= Beginning of Section =

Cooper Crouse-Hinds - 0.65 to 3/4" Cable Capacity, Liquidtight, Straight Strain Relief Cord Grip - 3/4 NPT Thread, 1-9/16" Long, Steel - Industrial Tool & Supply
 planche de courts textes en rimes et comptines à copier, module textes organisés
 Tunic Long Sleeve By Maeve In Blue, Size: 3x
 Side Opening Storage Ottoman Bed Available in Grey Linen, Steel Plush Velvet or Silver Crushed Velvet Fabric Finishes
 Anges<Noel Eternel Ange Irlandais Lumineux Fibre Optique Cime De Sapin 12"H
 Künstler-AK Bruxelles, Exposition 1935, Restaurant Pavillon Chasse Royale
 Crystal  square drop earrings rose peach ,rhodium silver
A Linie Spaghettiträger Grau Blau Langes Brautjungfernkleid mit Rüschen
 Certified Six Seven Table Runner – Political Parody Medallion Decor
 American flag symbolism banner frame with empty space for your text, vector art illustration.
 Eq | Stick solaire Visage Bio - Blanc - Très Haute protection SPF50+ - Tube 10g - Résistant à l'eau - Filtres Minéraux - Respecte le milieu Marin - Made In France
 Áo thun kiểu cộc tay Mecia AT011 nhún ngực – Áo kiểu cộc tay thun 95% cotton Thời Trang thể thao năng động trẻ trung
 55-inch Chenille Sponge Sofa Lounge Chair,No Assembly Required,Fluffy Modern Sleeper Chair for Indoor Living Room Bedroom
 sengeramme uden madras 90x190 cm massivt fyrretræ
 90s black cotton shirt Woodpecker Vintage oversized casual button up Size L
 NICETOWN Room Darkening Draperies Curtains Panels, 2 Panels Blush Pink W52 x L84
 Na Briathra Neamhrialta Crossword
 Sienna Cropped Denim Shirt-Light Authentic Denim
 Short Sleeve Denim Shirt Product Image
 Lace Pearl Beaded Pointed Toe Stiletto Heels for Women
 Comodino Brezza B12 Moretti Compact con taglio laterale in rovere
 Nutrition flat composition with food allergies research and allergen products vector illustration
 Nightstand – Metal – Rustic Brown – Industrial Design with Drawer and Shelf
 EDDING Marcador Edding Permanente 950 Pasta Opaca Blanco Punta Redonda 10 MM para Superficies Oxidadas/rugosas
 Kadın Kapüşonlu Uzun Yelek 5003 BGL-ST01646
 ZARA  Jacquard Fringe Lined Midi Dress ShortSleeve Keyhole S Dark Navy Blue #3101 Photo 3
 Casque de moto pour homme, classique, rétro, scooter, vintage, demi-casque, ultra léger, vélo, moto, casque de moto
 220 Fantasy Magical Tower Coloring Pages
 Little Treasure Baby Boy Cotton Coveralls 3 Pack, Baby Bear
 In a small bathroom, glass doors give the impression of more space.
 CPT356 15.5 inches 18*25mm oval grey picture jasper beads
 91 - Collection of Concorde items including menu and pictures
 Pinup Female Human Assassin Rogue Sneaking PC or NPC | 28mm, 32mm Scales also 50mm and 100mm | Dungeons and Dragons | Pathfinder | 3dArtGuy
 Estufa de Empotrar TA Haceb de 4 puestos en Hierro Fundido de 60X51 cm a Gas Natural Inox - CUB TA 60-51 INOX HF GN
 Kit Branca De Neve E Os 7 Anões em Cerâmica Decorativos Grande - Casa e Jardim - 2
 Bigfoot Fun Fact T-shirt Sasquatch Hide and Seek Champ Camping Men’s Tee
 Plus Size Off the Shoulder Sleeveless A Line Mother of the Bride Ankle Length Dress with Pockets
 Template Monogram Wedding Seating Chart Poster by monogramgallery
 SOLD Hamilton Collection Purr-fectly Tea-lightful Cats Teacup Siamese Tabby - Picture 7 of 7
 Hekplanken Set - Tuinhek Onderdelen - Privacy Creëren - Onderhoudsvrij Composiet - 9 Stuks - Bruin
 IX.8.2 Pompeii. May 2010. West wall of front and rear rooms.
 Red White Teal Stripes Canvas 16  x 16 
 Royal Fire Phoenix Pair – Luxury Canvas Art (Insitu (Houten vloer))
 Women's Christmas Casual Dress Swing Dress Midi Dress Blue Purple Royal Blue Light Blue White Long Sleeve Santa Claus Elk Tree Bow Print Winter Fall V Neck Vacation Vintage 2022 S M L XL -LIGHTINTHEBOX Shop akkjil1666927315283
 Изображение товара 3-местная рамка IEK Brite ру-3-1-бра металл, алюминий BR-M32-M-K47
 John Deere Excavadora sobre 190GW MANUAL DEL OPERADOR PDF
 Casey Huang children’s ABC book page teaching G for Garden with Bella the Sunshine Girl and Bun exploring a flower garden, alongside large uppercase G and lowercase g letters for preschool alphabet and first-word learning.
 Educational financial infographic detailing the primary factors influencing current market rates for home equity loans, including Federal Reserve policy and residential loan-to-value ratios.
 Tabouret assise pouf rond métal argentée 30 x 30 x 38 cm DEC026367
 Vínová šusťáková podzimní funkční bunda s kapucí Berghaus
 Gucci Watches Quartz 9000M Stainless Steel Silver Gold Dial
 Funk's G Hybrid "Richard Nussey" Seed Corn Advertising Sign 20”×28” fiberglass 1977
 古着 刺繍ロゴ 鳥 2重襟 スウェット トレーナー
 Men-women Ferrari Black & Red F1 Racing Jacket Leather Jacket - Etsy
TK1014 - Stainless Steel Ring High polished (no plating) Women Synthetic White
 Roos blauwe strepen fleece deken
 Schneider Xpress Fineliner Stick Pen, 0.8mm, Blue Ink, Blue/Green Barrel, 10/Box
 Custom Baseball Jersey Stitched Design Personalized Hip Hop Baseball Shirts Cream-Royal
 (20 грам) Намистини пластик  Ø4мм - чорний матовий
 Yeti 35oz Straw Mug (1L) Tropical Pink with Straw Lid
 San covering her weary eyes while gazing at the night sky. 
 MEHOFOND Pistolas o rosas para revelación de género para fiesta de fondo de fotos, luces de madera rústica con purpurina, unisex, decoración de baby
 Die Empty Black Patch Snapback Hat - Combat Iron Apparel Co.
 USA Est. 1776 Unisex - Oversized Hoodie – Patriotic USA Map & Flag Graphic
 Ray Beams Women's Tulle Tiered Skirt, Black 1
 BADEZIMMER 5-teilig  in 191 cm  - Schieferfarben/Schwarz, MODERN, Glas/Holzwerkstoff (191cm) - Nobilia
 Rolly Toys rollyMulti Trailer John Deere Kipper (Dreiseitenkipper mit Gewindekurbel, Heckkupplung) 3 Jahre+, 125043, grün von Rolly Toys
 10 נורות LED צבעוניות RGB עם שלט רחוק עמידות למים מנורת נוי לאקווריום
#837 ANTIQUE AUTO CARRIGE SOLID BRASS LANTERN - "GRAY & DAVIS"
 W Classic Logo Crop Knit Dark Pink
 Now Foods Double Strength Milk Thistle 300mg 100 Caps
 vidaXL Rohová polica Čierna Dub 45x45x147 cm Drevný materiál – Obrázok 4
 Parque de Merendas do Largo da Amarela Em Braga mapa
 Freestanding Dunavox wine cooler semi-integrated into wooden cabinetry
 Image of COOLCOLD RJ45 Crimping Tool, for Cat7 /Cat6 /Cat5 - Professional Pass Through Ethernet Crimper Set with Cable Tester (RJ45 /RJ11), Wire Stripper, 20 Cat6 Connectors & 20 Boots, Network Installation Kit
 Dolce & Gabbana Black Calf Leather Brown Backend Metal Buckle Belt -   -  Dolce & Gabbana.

= End of Section =

Exercise objective:
Lines wanted from the listing above: the line with "Bigfoot Fun Fact" up to and including the line with "Template Monogram Wedding". Please write them out exactly, adding nothing else.

Your response:
 Bigfoot Fun Fact T-shirt Sasquatch Hide and Seek Champ Camping Men’s Tee
 Plus Size Off the Shoulder Sleeveless A Line Mother of the Bride Ankle Length Dress with Pockets
 Template Monogram Wedding Seating Chart Poster by monogramgallery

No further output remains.